わたしはまさにそれで、ずっと作品は知っていたけどみたことがなかった。
で、今年みたわけだけど。
率直に言うことを許されるのであれば、これほどの悪をわたしは知らない、といいたい。
きっとこの映画をPTAの方が見ればまっさきに青少年に有害な作品としてピックアップすることは想像に難くない。
彼らの行う行為について我々が認識しうる言葉で端的に表現するならば「悪」以外の何者でもない。
しかも純粋な悪、である。
そこに苦悩や葛藤は存在しない。

彼らの存在する世界は室内や衣装に斬新な近未来、前衛的な表現を垣間見ることはできるが非日常に囲まれた世界でもなんでもなくごく一般的な世界だ。
そこで老人を殴打したり、レイプしたり、殺人を犯す。
純粋な悪に対する嫌悪感はどこから生まれてくるのかわからないが、少なくとも彼らの行為に対して親近感は湧かない。

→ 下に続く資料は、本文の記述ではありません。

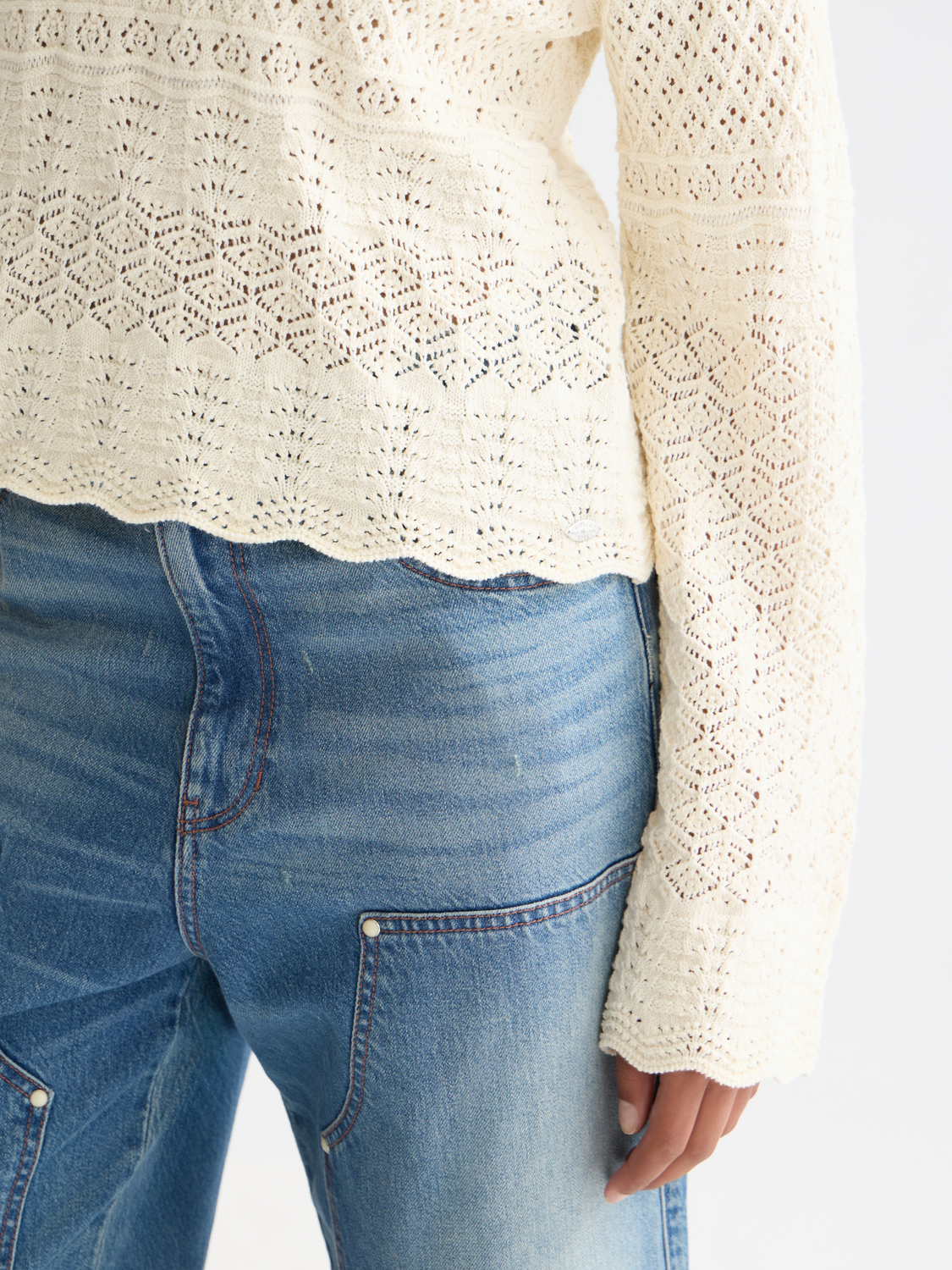 Pointelle v-neck pullover - Scotch & Soda AU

まぁ、今の日本では彼らの行為よりももっと凶悪な犯罪が行われているのでキューブリックがこれを作った当時ほどショッキング性、恐怖や嫌悪感は薄れてしまっているのだけど(それはそれで怖い)この映画自体の狙いは結局のところ、人間の凶悪性、純粋な悪を映像的に表現したかったのだとあたしは思う。
別に彼らに共感して欲しくてつくったわけじゃないはずなので、この映画を見て「主人公が最低だ」「最低な映画だ」と評するのは少し視点や論点が違うのだろう。

いろんな意味でこの映画はすごいなぁ、と思う。